▶ To do: The answer should be the exact lines from the line containing "Woman enjoying a" through the last line of the material below, with no pictures.
##############################
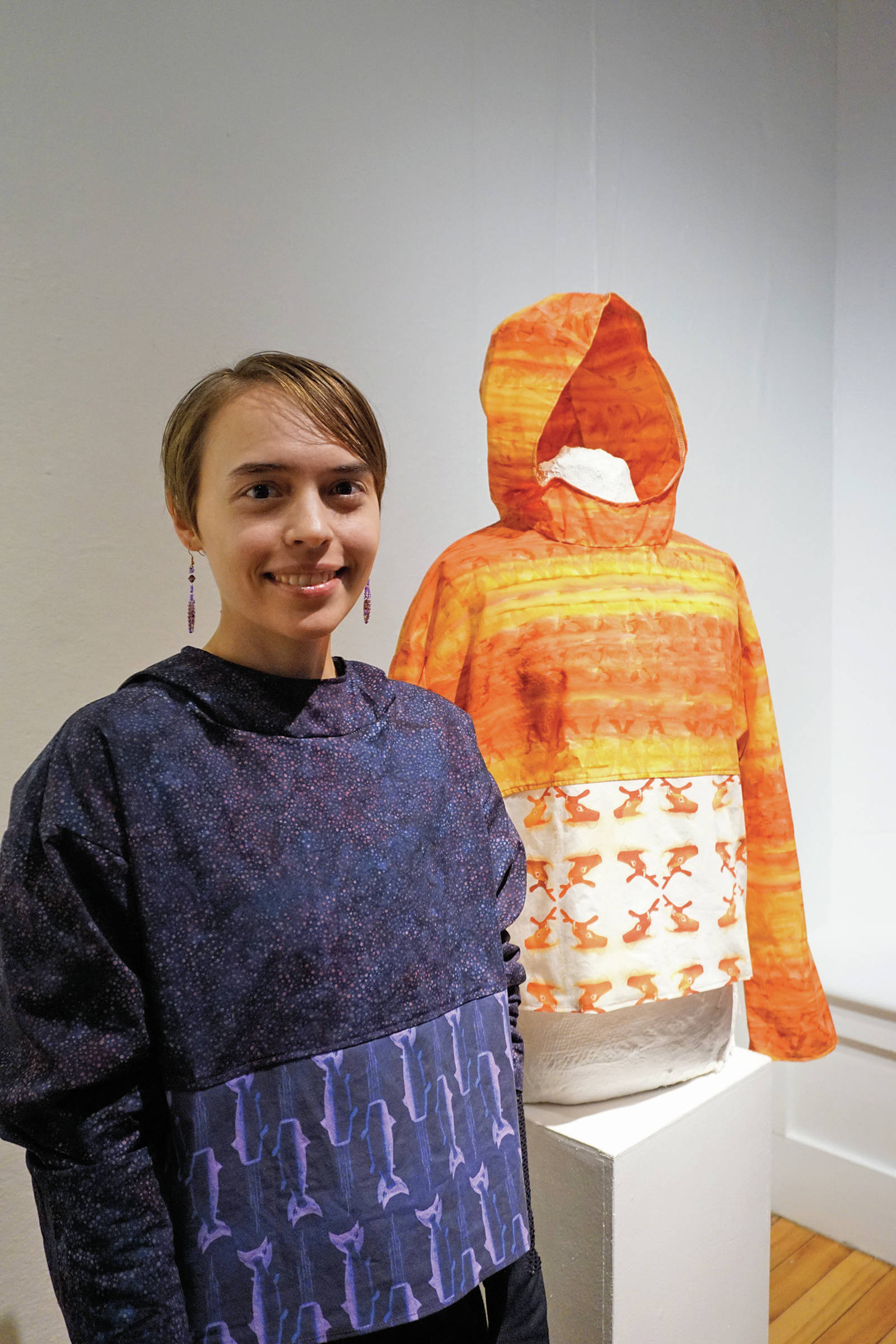 Erin Gingrich stands by her kuspuk at the opening of the “Kuspuk/Qaspeq/Atikluk” show on Oct. 5, 2019, at Bunnell Street Arts Center in Homer, Alaska. Her work includes printed fabric using designs from her sculptures. (Photo by Michael Armstrong/Homer News)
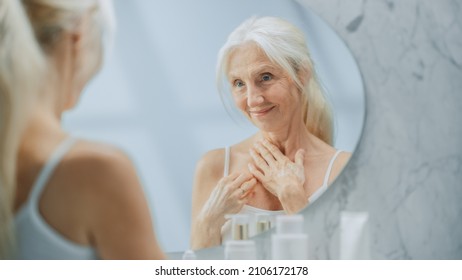 Beautiful Senior Woman Morning Bathroom Routine, Looks Into Mirror Touches Her Neck With Sensual Movement Of Hands. Elderly Female Natural Beauty. Dignity And Grace In Old Age. Concept For Skin Care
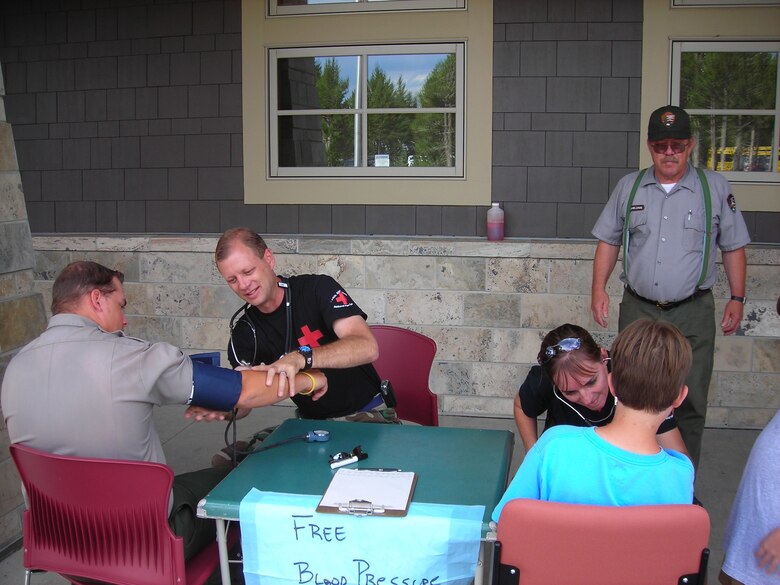 WRIGHT-PATTERSON AFB, Ohio - Tech. Sgt. Jerry Coleman and Capt. Nancie Foster, both from the 445th Aeromedical Staging Squadron, offer free blood pressure checks for visitors to Yellowstone National Park. The 445th ASTS partners with our country's national parks to provide support for the park's EMT services. (Courtesy photo)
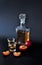 A glass decanter and two glasses of plum liqueur and ripe sliced fruits on a black background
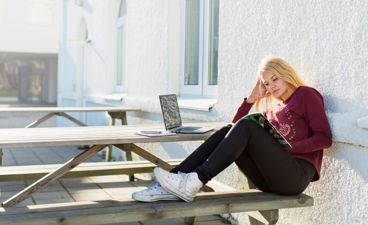 Ung jente sitter på benk og leser.
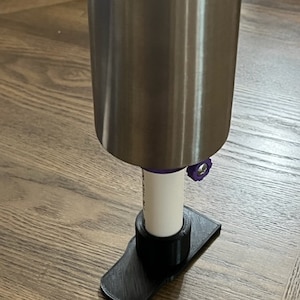 May include: A close-up of a silver metal pole with a black plastic base. The base has a small purple knob on the side. The pole is resting on a wooden floor.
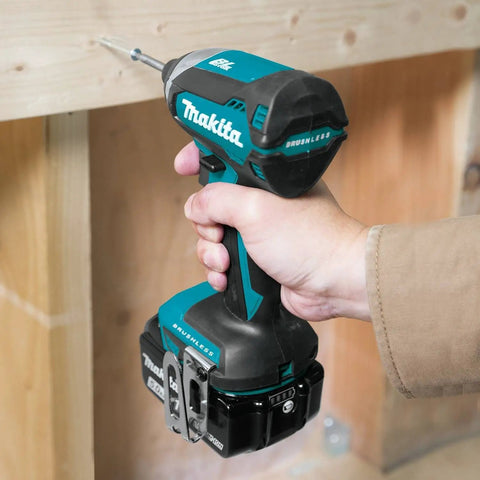 Person using the 18V LXT Brushless Cordless Drill And Impact Driver Combo Kit With 5.0Ah Batteries on wooden surface.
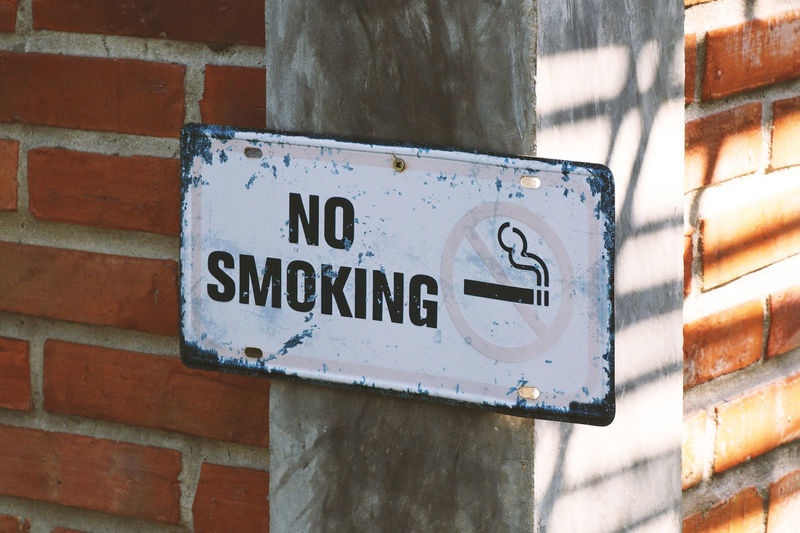 Old rusty metal no smoking sign on the brick wall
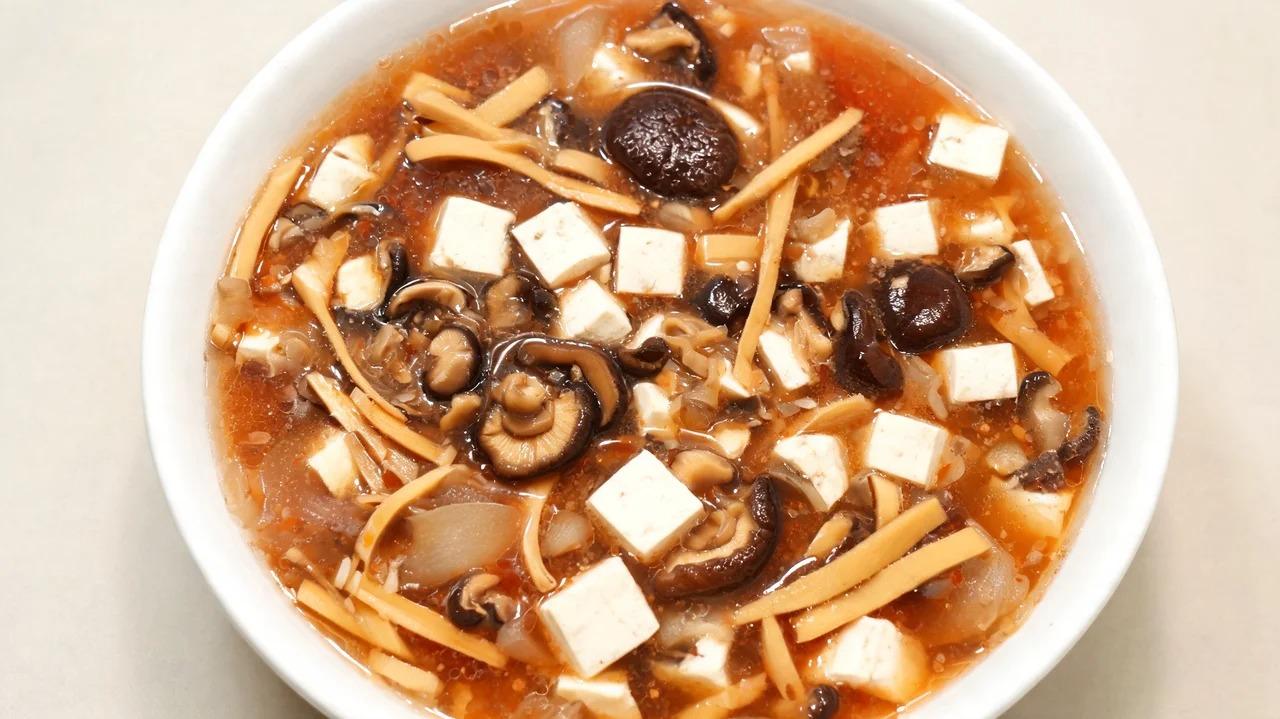 Hot and sour soup with tofu, mushrooms, and bamboo shoots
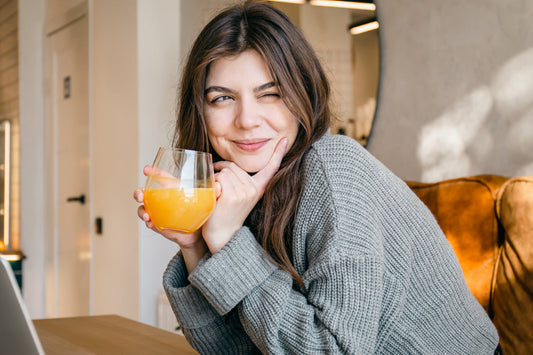 Woman enjoying a refreshing citrus herbal drink indoors for seasonal wellness and respiratory comfort during high pollen days.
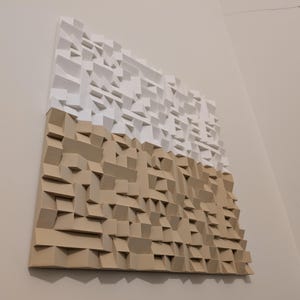 May include: A square wall-mounted acoustic panel featuring a three-dimensional geometric design. The top half is composed of white blocks, while the bottom half consists of tan blocks, creating a textured surface with varying depths.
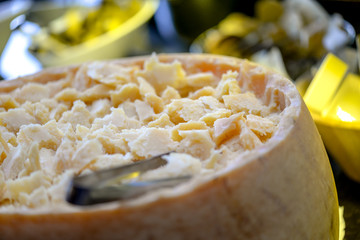 cheese sliced ​​in the head of cheese in a restaurant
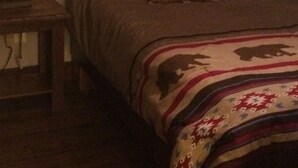Un dormitorio con cama, mesita de noche, lámpara y un cuadro en la pared.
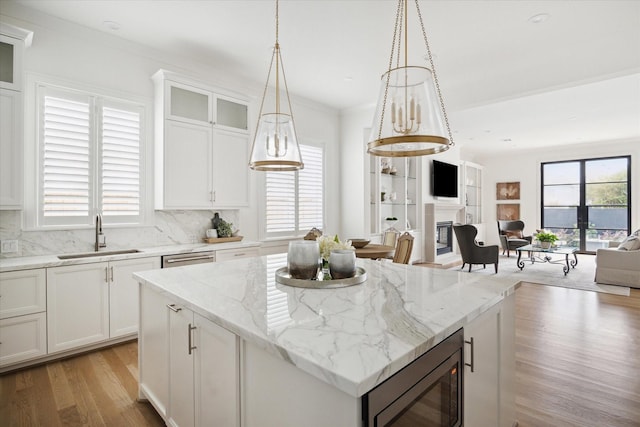 kitchen featuring backsplash, white cabinetry, built in microwave, and sink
##############################
▶ The completed task:
 Woman enjoying a refreshing citrus herbal drink indoors for seasonal wellness and respiratory comfort during high pollen days.
 May include: A square wall-mounted acoustic panel featuring a three-dimensional geometric design. The top half is composed of white blocks, while the bottom half consists of tan blocks, creating a textured surface with varying depths.
 cheese sliced ​​in the head of cheese in a restaurant
Un dormitorio con cama, mesita de noche, lámpara y un cuadro en la pared.
 kitchen featuring backsplash, white cabinetry, built in microwave, and sink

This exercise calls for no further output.